I then searched and found this thread. Unfortunately, I do not see any solution here. Unless there is one, I'm going to downgrade to 24.1, which I can do easily because I run OPNsense in a VM on Truenas SCALE and can roll back to a snapshot. Of course, downgrading is not my first choice since I like the new dashboard in 24.7, but it's more important to have multi-wan working.

I have no workaround so far from anyone, and I've not heard or seen any mention that it's being worked on to fix.

I'm unfortunately not brave enough to try a downgrade, even though my config is backed up in a few places. I can't afford extended downtime since I work remotely. But I rely on the ability to split my traffic between both WANs, since I push my work traffic over one uplink, and the rest of 5he house over the other. I can't do that now.

This was broken at one point in 24.1 as well, and then an update fixed it shortly before the 24.7 upgrade was released. I'm hoping a dev sees this and knows what needs to happen, and an update pops out really soon.

Thanks.
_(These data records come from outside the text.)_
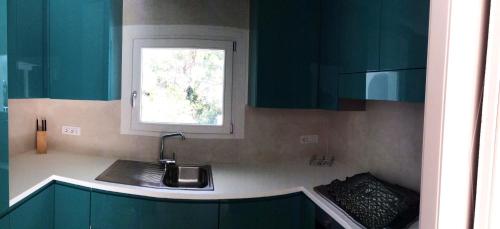 a kitchen with green cabinets and a sink and a window at Blue Eden La Maddalena in La Maddalena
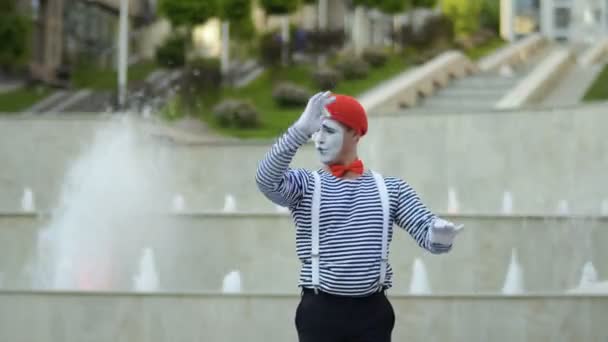 滑稽的 Mime 在红色贝雷帽有在喷泉 Bakcground 的表现和移动他的手作为指挥 穿脱衣服的男人是街头演员 为人们演奏滑稽场面 — 图库视频影像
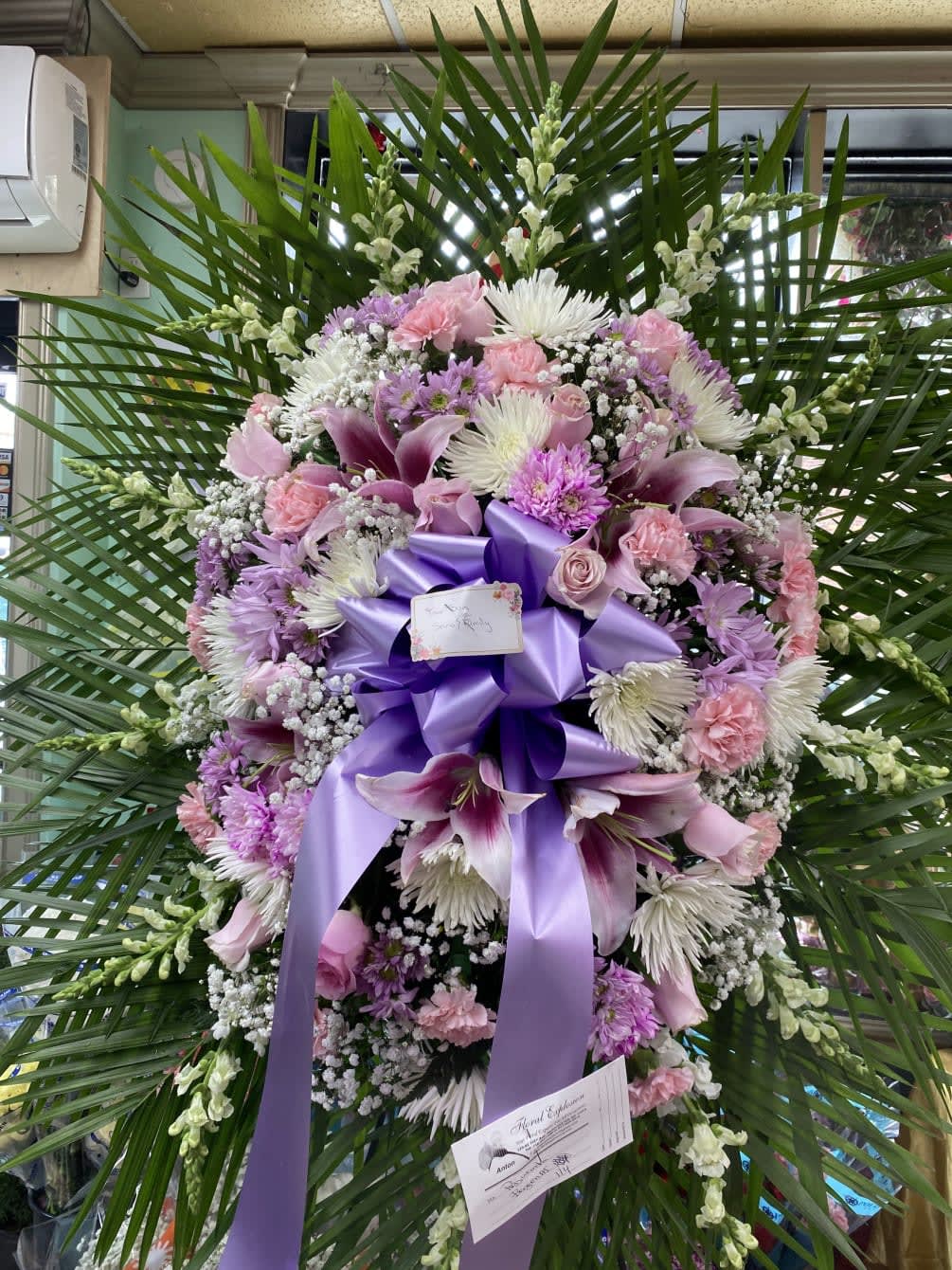 Large purple and pink funeral wreath with lilies and ribbon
I have downgraded to version 24.1.10_8, and multi-WAN works properly again. After the downgrade, I yanked the cable into the modem for each gateway respectively, and OPNsense properly failed over to the other gateway with uninterrupted internet.

Hopefully, this problem will get fixed at some point. and I will then upgrade again.
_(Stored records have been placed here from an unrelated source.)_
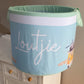 A large laundry basket with a green lid and white fabric, featuring the word 'LOUTJIE' in a large, cursive font, along with ocean-themed illustrations such as waves and seagulls. | Baby Essentials | All Baby Products | Soft Spot Kids | South Africa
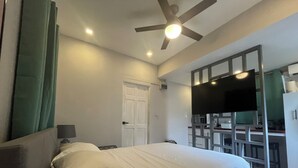 A hotel room with a bed, a ceiling fan, a TV, and a kitchenette area. - Casita Heliconia- Jr. Suite#3 (Roseau)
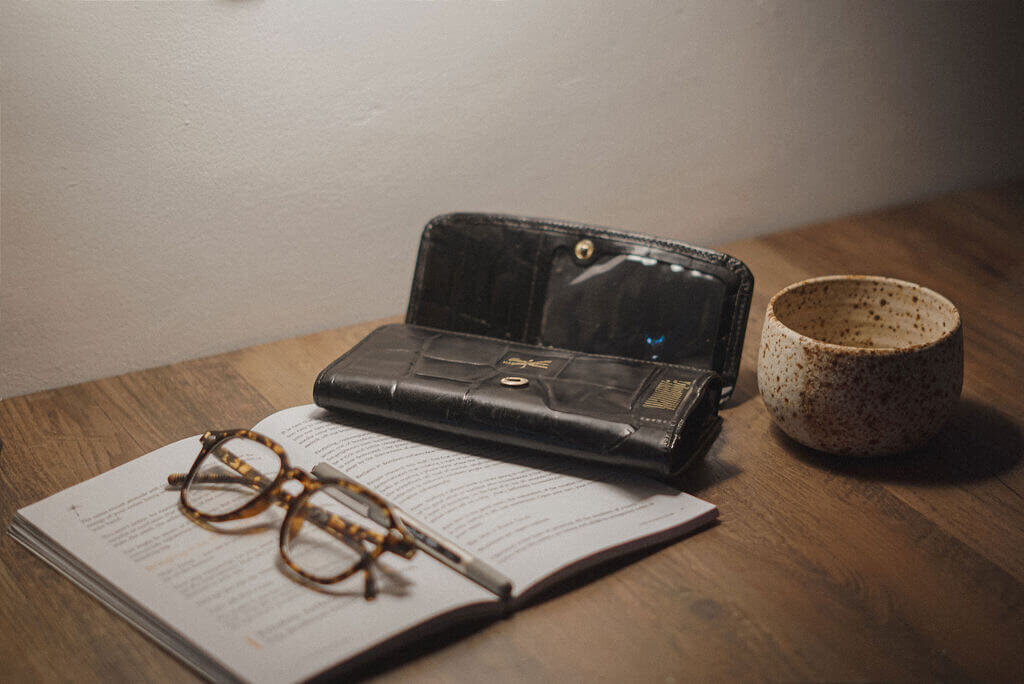 A pair of eyeglasses, an open book, a black wallet, and a ceramic cup are arranged on a wooden table under soft lighting—perfect inspiration for any brand strategist or creative from Sweet Pea Ink Creative.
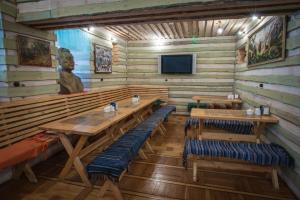 阿拉木图新布拉克度假酒店的用餐室设有木桌、长凳和雕像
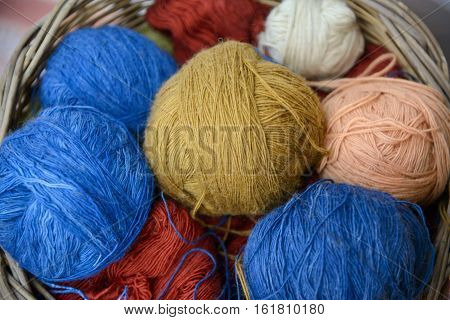 Multicilored wool clews in wood basket. Illustration about wool needlework and knitting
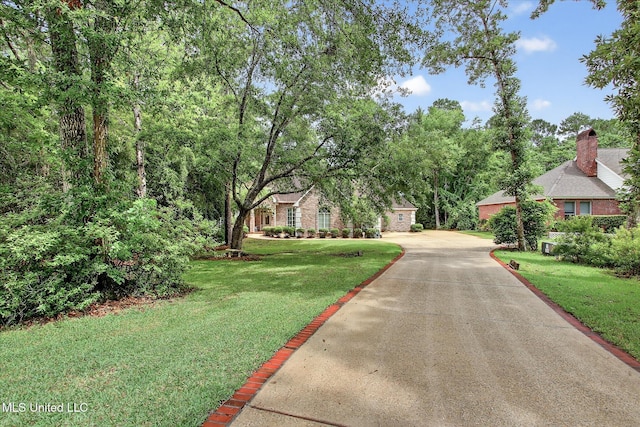 7622 Fairway Dr, Diamondhead, MS 39525 - view of front facade featuring a front yard
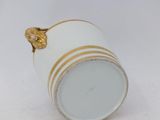an image of a white and gold cup on a white surface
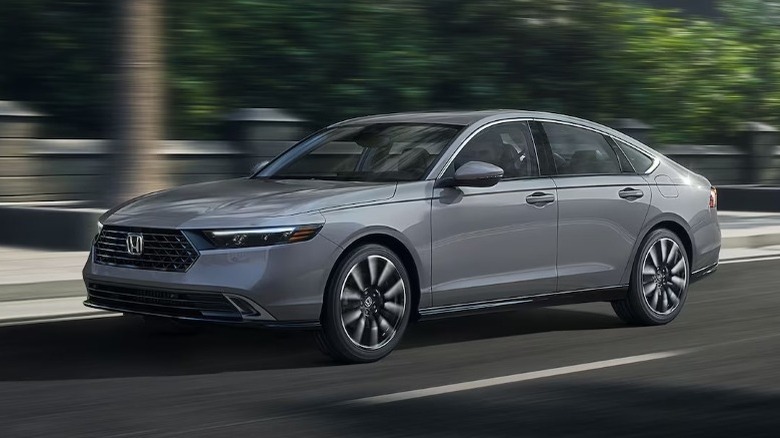 2025 Honda Accord Touring Hybrid driving with trees in the background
Trying a bump on this since even after the recent 24.7.2 updates, this is still not working.  I don't know if this has something to do with the second WAN uplink having a higher metric or not, but this setup works/worked pre-big upgrade, and still does not.  I really am hesitant to downgrade, since recreating my config if a restore doesn't work seems a bit terrifying to me.

I'm really open to trying any patches, desk builds, command-line hacks, anything, to try and get this working again.  Any help is greatly appreciated.

For some reason, I have found nothing about this issue except this thread. It definitely worked prior to the upgrade to 24.7, and absolutely does not in 24.7, at least when I tried it last week.

As noted, I downgraded to 24.1.10, and it's back to working, but I was able to do so by rolling back to a snapshot.

One tip: If you downgrade manually to 24.1.10, make sure you have a config file ready that was created in 24.1.10 or earlier. At least in most similar setups (and I assume OPNsense is the same way), restoring from config only works if the config file was created from the same or earlier version to which it's restored.

Of course, downgrading is only a temporary solution. It's not feasible to remain with 24.1.10 permanently, so hopefully there is some interest in a workaround or patch in 24.7 for this, because it's beyond my technical skills to fix it on my own.